An interesting but lengthy book that is worth checking out for anyone who is interested in the history and beliefs of the Universalist Church of America in the 1800s is an autobiographical work titled “Twenty-Five Years in the West” by Erasmus Manford (1815-1884). Manford was a traveling Universalist preacher and debater who presented his ideas in quite a few different states, such as Pennsylvania, Ohio, Illinois, Louisiana, Mississippi, among others. Manford was most well-known for publishing his short work “One Hundred and Fifty Reasons for Believing in the Final Salvation of All Mankind”
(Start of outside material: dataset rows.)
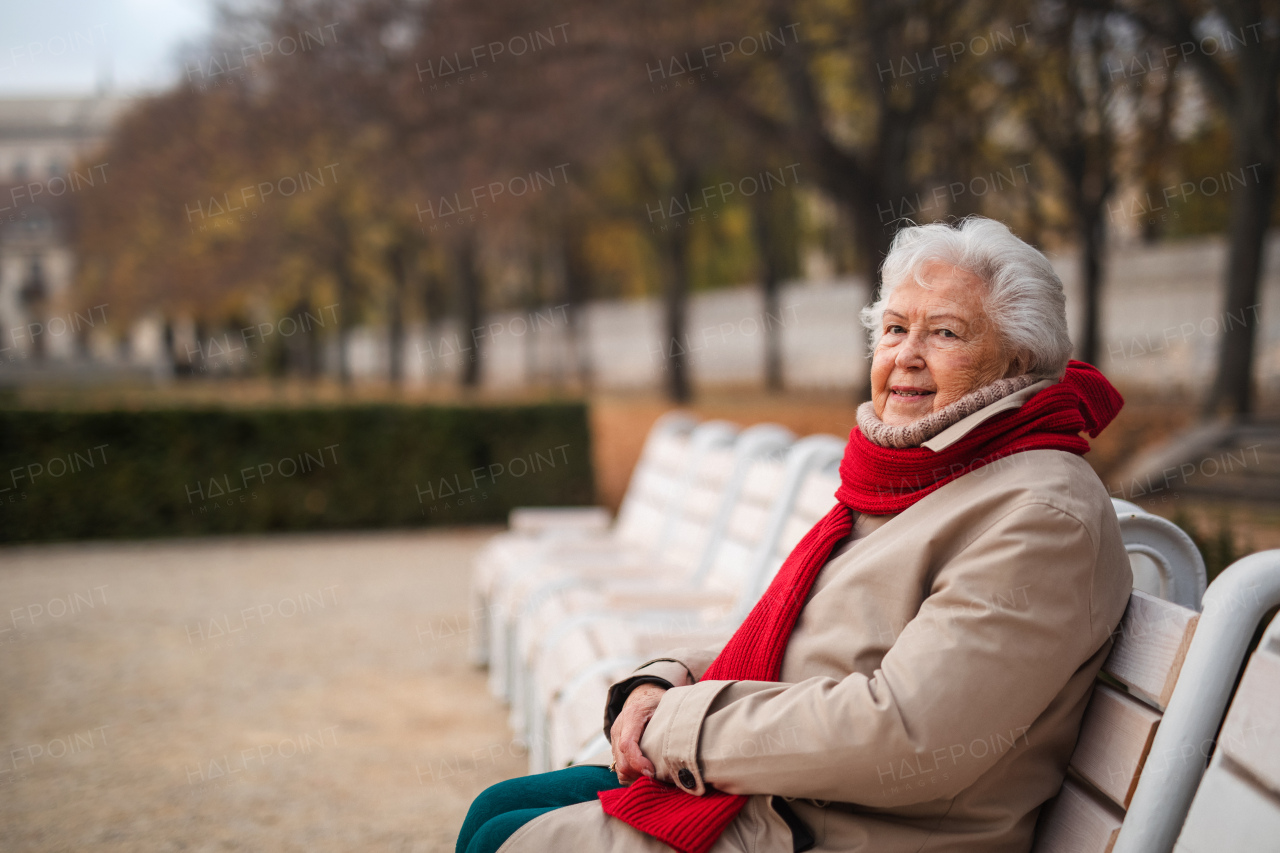 A senior woman sitting on bench in town park in autumn, resting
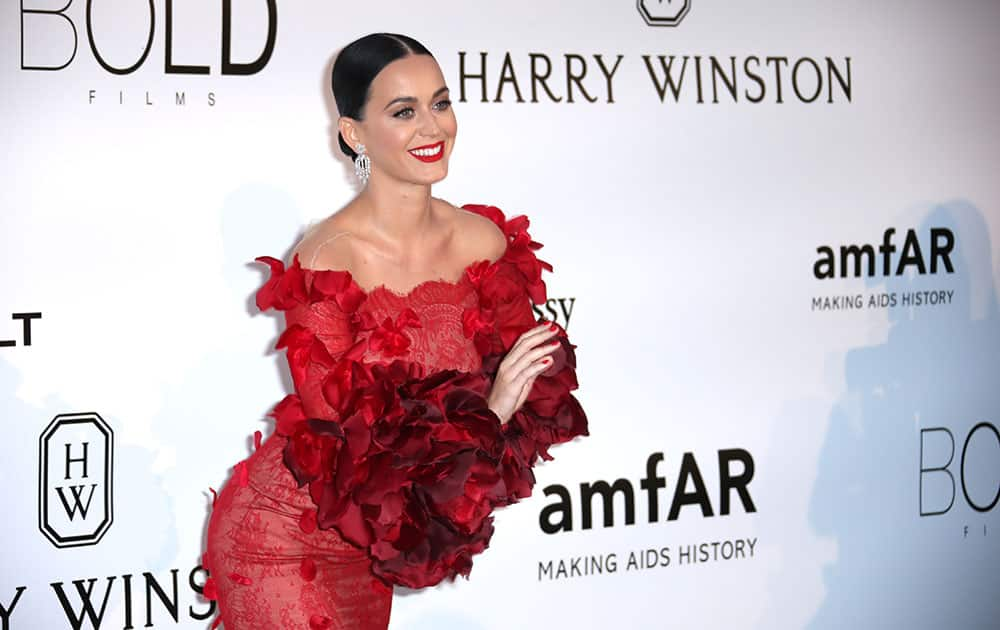 Singer Katy Perry poses for photographers upon arrival at the amfAR Cinema Against AIDS benefit at the Hotel du Cap-Eden-Roc, during the 69th Cannes international film festival, Cap d'Antibes, southern France.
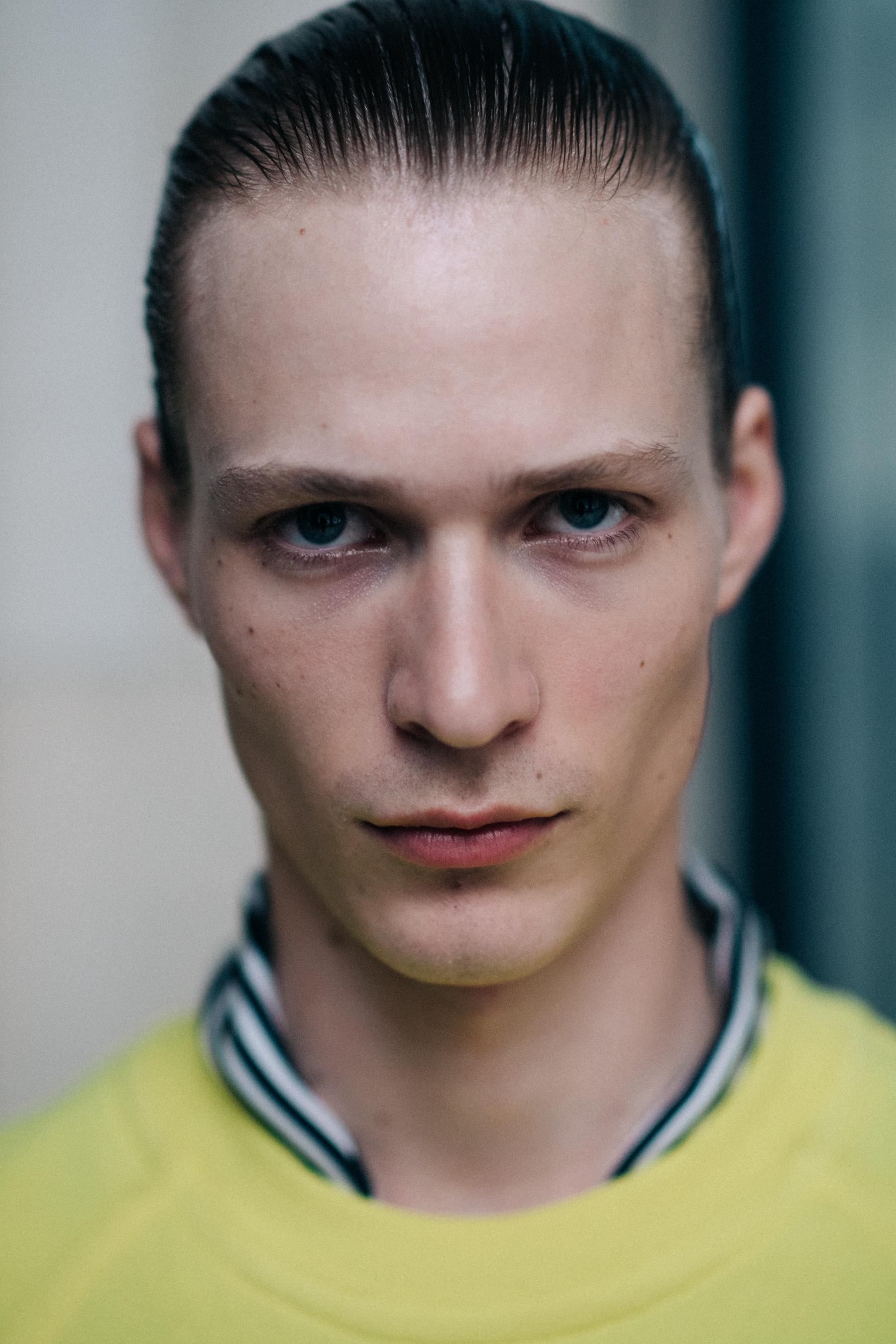 A man wearing a yellow sweater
His lengthier “Twenty-Five Years in the West,” however, details many of his debates and discussions with people of different denominations. It is also an interesting look at the history and developments of the United States in the mid-1800s, as he describes the conditions of the various cities and towns he visited. Written in the style of a personal, informal journal, the book covers many years and many locations, and a large cast of characters is introduced. Manford relates his encounters with Abraham Lincoln, Native Americans in the countryside, Dunkards (a now largely forgotten denomination), and quite a few “Partialist” preachers.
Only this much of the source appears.